Baiana por vontade, e com uma modesta clientela, “bem pequeninha”, Rosângela Assis da Silva, 49 anos, a dona Rosa, trabalha diariamente num tabuleiro fixado numa pracinha da Rua Abelardo Andrade de Carvalho, no bairro da Boca do Rio, para suprir a hora extra de dona Evandete, amiga e colega de profissão. Dona Rosa, discípula de uma amiga sua, dona Clarice, falecida há cinco anos, veio de família carente, tendo uma infância “triste, pobre e sem dinheiro”. Hoje, sua moradia está dividida entre a Boca do Rio e a cidade de Cruz das Almas, no Recôncavo, onde ela também atua.

Ela vende os tradicionais e autênticos quitutes baianos – acarajé, abará, passarinha, bolinho de estudante, cocada e doce de amendoim – como método de subsistência, sustentando “mais ou menos” os membros de sua família. “Fico sentada, vendendo acarajé”, explica dona Rosa. O seu cotidiano é normal, entretanto complexo, pois ela cata camarões, lava os grãos de feijão fradinho, ingrediente fundamental para o preparo do acarajé e do abará, e transporta todo o arsenal necessário para a montagem do seu tabuleiro. Solteira, mãe de 3 filhos e avó de 4 netos, dona Rosa revela que a sua fé em Deus é imprescindível. “Sou católica em todas as igrejas que eu vou”.

Tanto o acarajé quanto o abará, preparados pelas baianas espalhadas pelo Brasil alterando a maneira de fazê-los e de servi-los, influencia o dia a dia dos baianos saciando a fome de muita gente, segundo Marlon Marcos. “Por serem gostosos e relativamente baratos, funcionam como ‘prato do dia’ para muitos baianos sem condições de fazer uma refeição mais cara.

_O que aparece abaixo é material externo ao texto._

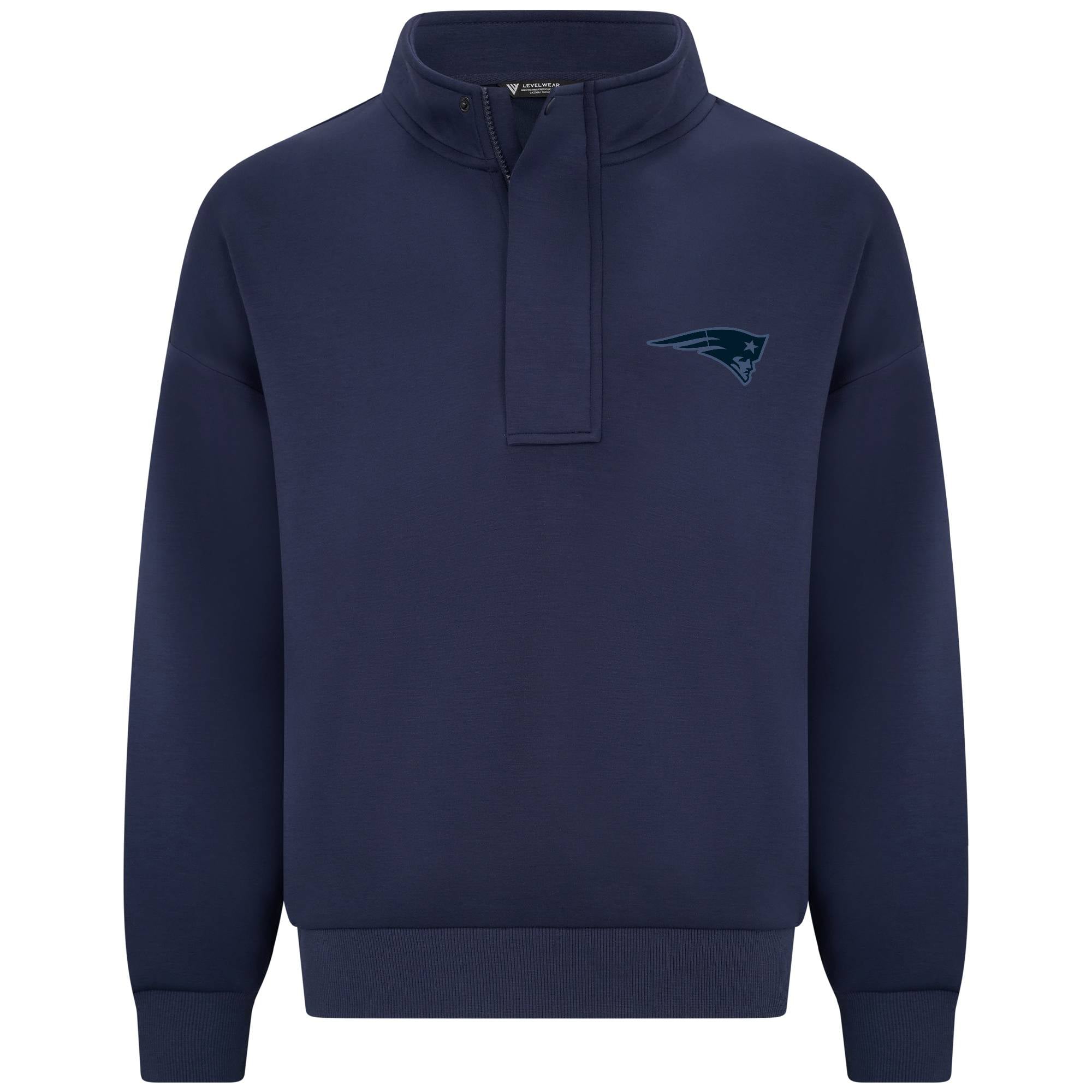 Pull à col zippé Levelwear bleu marine New England Patriots Core Logo Luxe Stein pour homme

Alegram as ‘entradas’ em bares e restaurantes e sempre acompanham nossas cervejadas ou, até mesmo, nossa Coca-Cola”, pontua o antropólogo.

Ele ainda pondera que as iguarias baianas, bem como qualquer outro alimento típico, traduzem a identidade cultural de um povo. “O acarajé e o abará são cheios de significados culturais para a representação do povo baiano. Além de alimento popular, de servir como sinal diacrítico da Bahia no mundo, possuem, os dois, elementos sagrados por pertencerem à culinária dos orixás”, esclarece. Para Marlon, os quitutes deixaram um legado significativo para a cultura baiana e brasileira, representando a inventividade gastronômica dos civilizadores negros vindos da África, por sua vez, em função do candomblé.